■ PROBLEM DESCRIPTION ■
From the entries below, reproduce exactly the lines from the one with "LUFFY AKHIRNYA TEGANG LIAT CEWEK" through the one with "Nuclear Bomb GIF", both included, without images.
BEGIN EXTRACTED RECORDS
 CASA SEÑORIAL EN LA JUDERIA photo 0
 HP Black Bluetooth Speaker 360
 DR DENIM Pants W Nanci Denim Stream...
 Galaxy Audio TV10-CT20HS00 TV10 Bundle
END EXTRACTED RECORDS
BEGIN EXTRACTED RECORDS
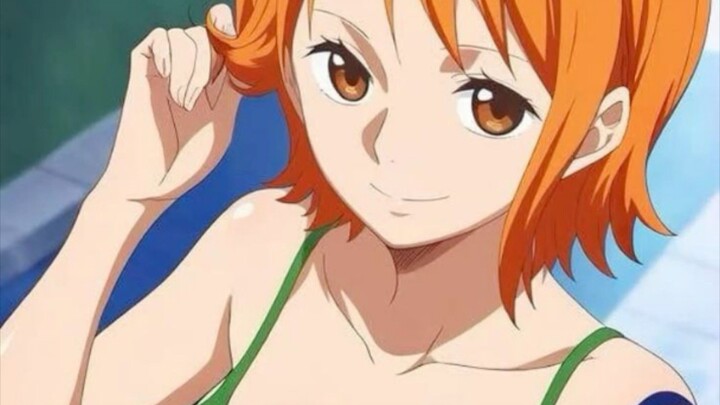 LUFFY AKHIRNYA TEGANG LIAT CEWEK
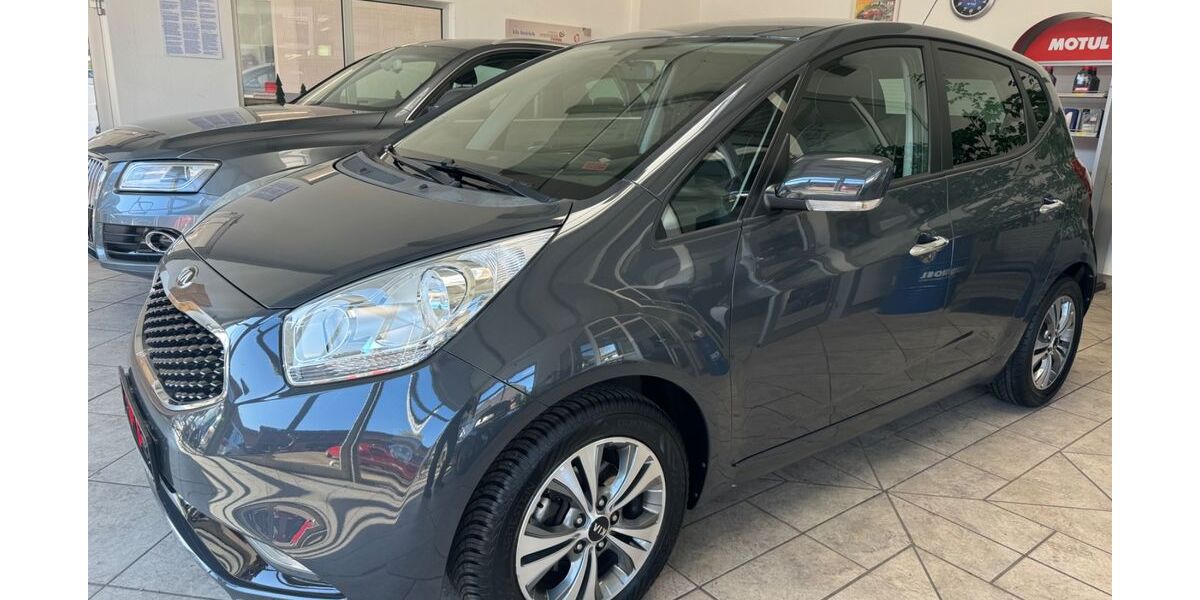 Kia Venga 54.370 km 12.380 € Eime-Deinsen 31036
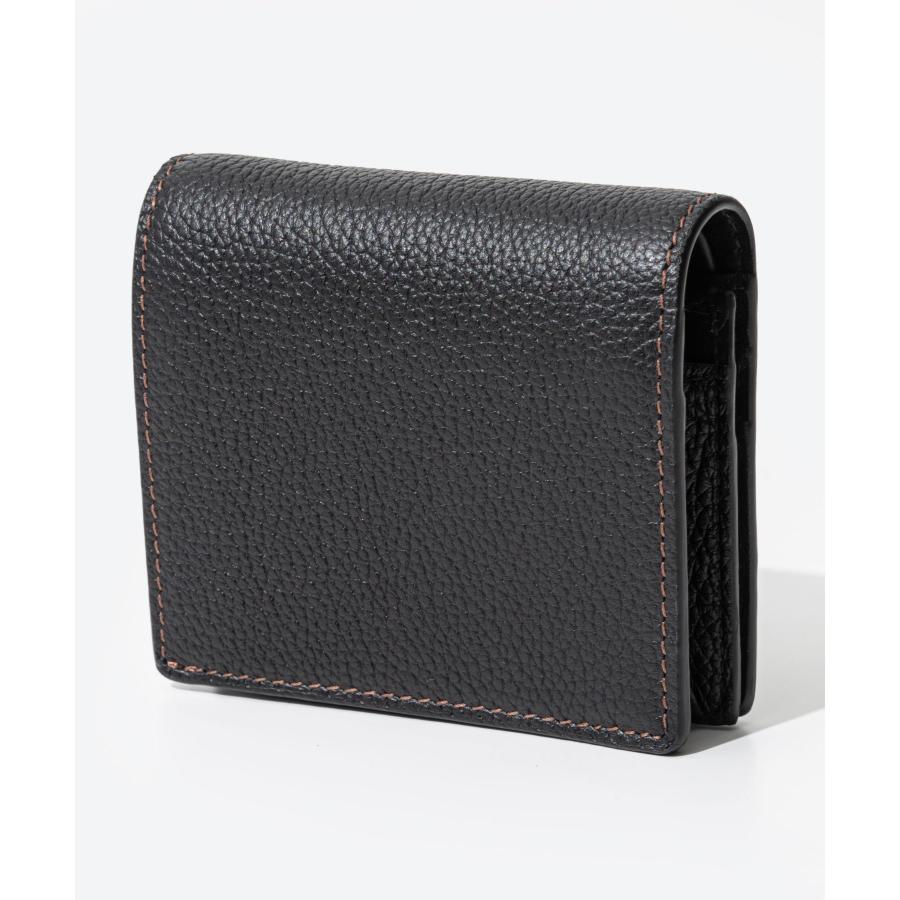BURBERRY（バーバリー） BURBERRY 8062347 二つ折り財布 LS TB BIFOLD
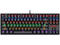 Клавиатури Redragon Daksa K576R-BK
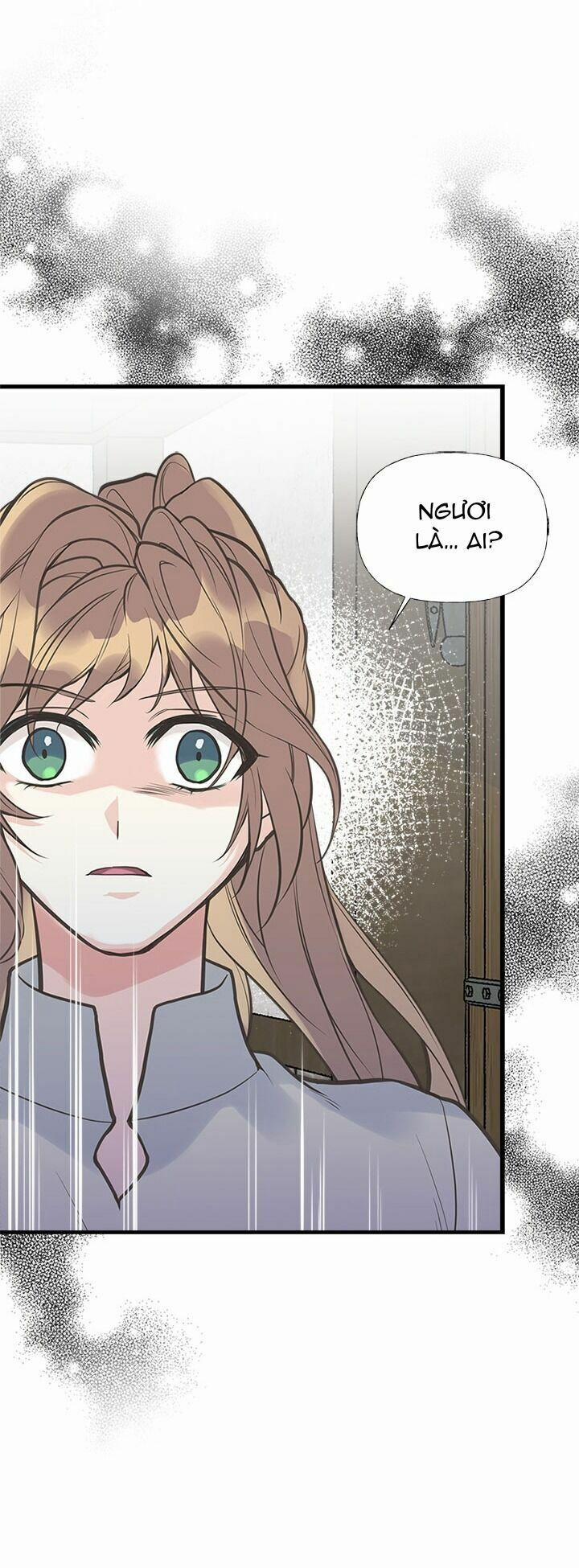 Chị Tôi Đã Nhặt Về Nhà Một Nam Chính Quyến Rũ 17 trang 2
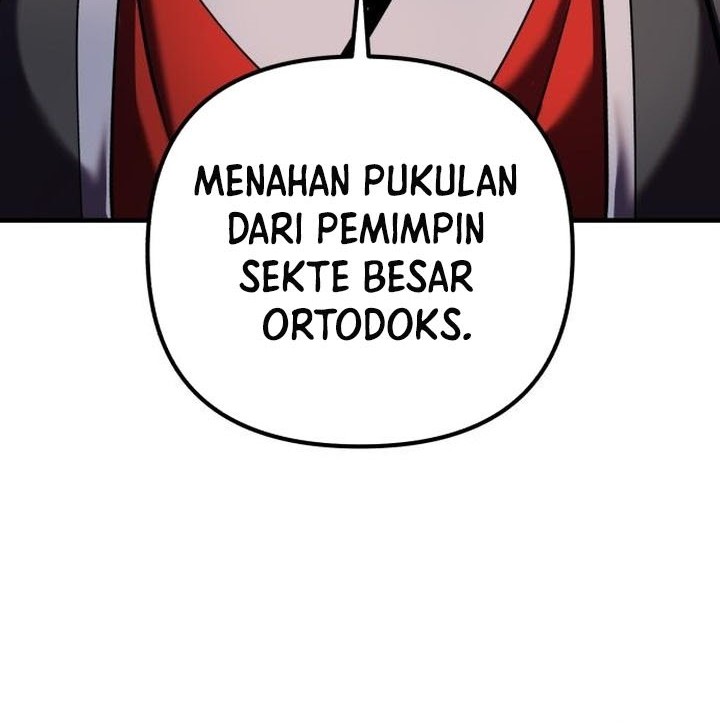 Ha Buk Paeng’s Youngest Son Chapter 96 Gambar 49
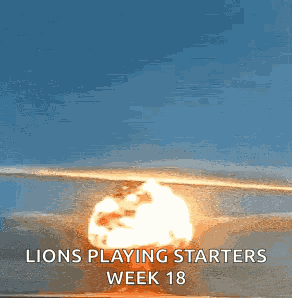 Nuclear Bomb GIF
END EXTRACTED RECORDS
■ YOUR RESPONSE ■
 LUFFY AKHIRNYA TEGANG LIAT CEWEK
 Kia Venga 54.370 km 12.380 € Eime-Deinsen 31036
BURBERRY（バーバリー） BURBERRY 8062347 二つ折り財布 LS TB BIFOLD
 Клавиатури Redragon Daksa K576R-BK
 Chị Tôi Đã Nhặt Về Nhà Một Nam Chính Quyến Rũ 17 trang 2
 Ha Buk Paeng’s Youngest Son Chapter 96 Gambar 49
 Nuclear Bomb GIF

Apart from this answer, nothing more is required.